Retour majestueux du groupe lyonnais avec un album organique et fantasmagorique. Un rêve éveillé, ni plus, ni moins.


Souvenez-vous. Il y a quelques temps, nous nous épanchions sur Sound Inside, un album sombre et magnifique, alliant l’électronique la plus raffinée à l’acoustique d’une forêt à la tombée de la nuit, après un jour d’orage. Immune avait alors frappé un grand coup, si ce n’est sur le plan commercial du moins musical, tant nous étions peu habitués à une telle musique dans notre beau pays. Nous pensions ces sonorités irréelles uniquement possibles chez Mark Hollis ou Hood et voilà que Gary Soubrier et ses comparses posaient délicatement sur notre paillasson le fruit de leur imagination, un disque proprement insensé. Pour autant, si nous n’avions jamais perdu de vue Immune, nous commencions sérieusement à nous inquiéter. D’abord, les tracas de label les empêchaient d’évoluer sereinement. Pire, un disque solo de Jean-Sébastien Nouveau, le terrifiant et néanmoins envoûtant Recorded Home, nous laissait penser que le groupe partait en déliquescence psychologique. Mais c’était sans compter sur sa capacité à marier les genres, à alterner les plaisirs, et surtout à persévérer dans sa recherche formelle d’une musique à la fois intangible et pourtant tellement intime.

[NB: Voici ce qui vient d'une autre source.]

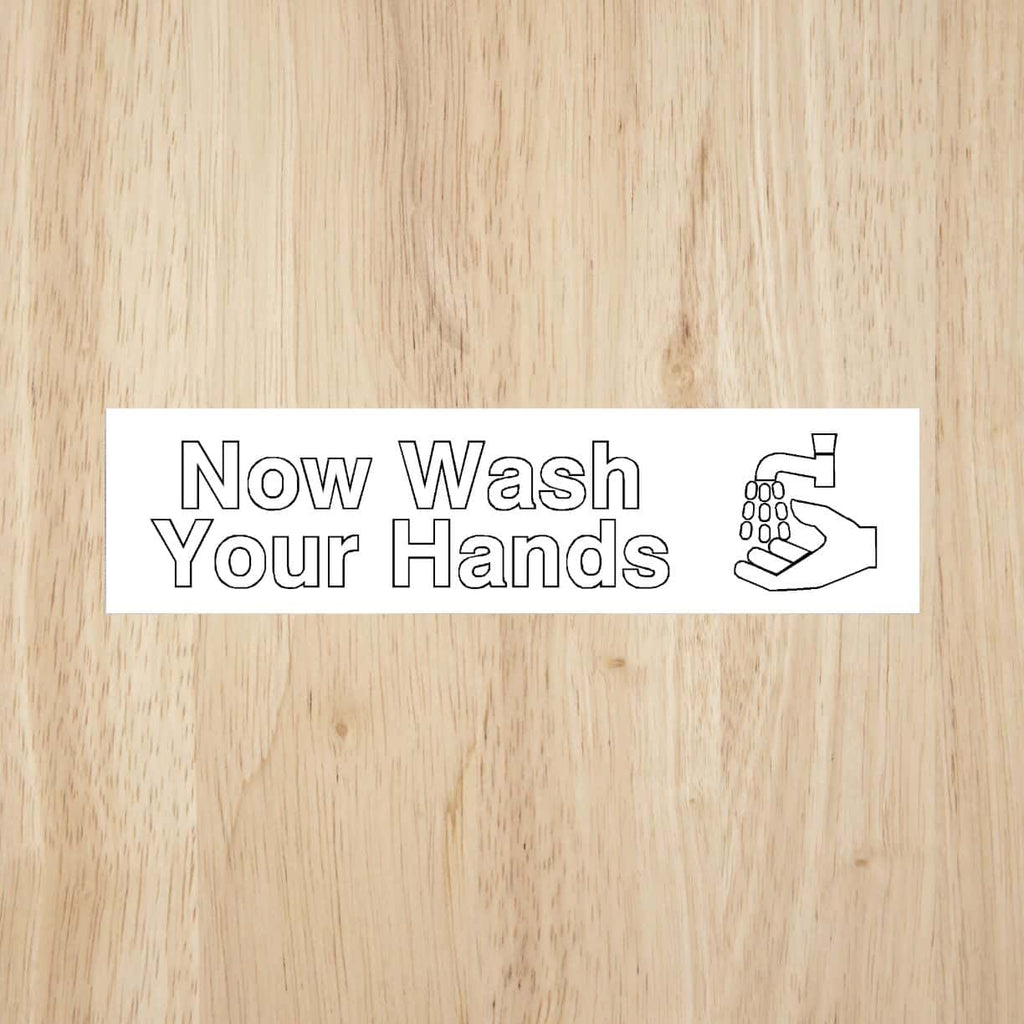 Lowercase Outline Wash Hands Sign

Not Until Morning, deuxième volet d’une aventure que l’on sait maintenant plus que prometteuse, démontre combien les lyonnais sont maîtres dans la transcription musicale d’une anoxie paradoxalement vitale. Musique de l’aube, bande son de l’avant-naissance (du jour, de l’Homme), l’album déroule ses arpèges de guitares sans provoquer le moindre souffle. Chaque note, chaque accord, chaque syllabe chantée prend doucement possession de l’atmosphère et se substitue à l’air ambiant, pas à pas, seconde après seconde.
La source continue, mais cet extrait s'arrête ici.